======== Record excerpts

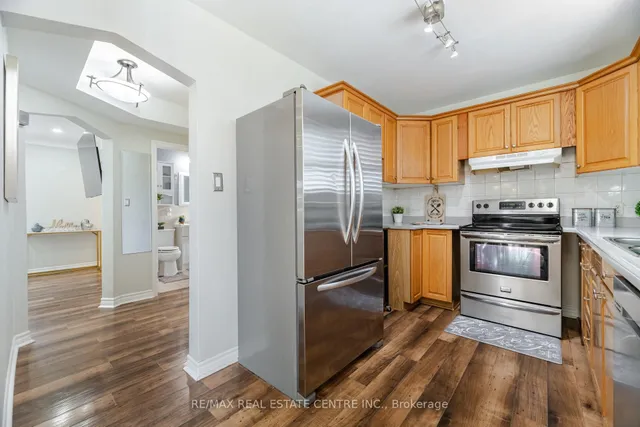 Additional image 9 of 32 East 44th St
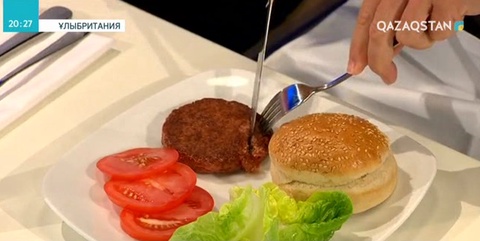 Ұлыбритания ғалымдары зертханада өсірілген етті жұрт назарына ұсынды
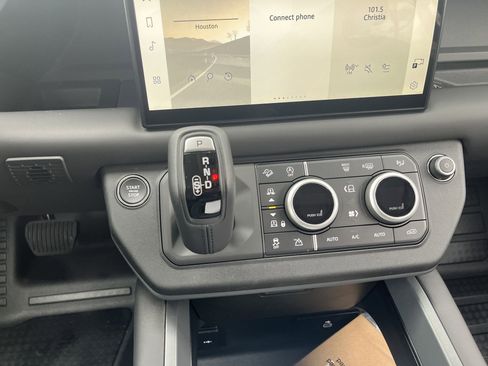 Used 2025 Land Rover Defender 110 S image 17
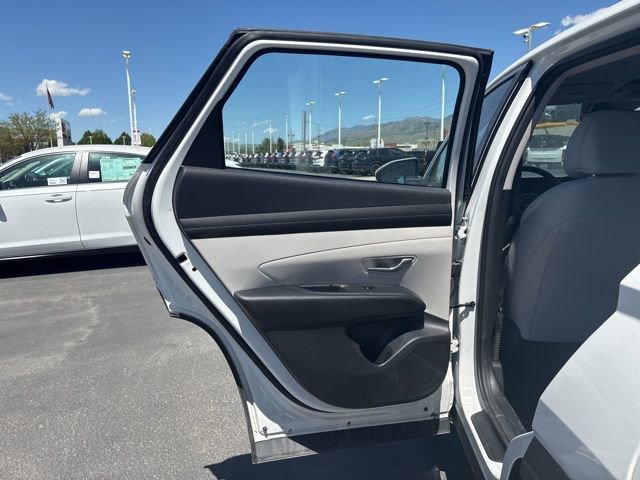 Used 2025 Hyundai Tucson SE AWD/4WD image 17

================
======== Record excerpts

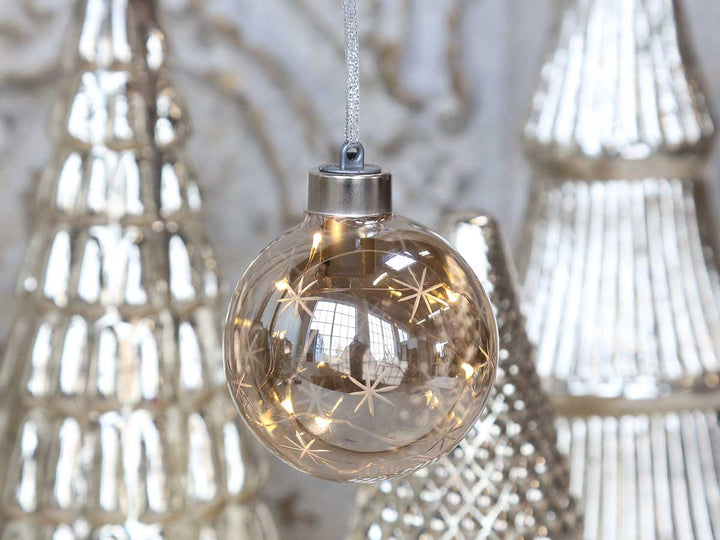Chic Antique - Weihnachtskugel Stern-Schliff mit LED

================

Directions
After locating "Used 2025 Land Rover Defender 110 S image 17" and "Used 2025 Hyundai Tucson SE AWD/4WD image 17" in the records above, return exactly the line holding each one and every line between them; leave out the pictures.

Finished exercise
 Used 2025 Land Rover Defender 110 S image 17
 Used 2025 Hyundai Tucson SE AWD/4WD image 17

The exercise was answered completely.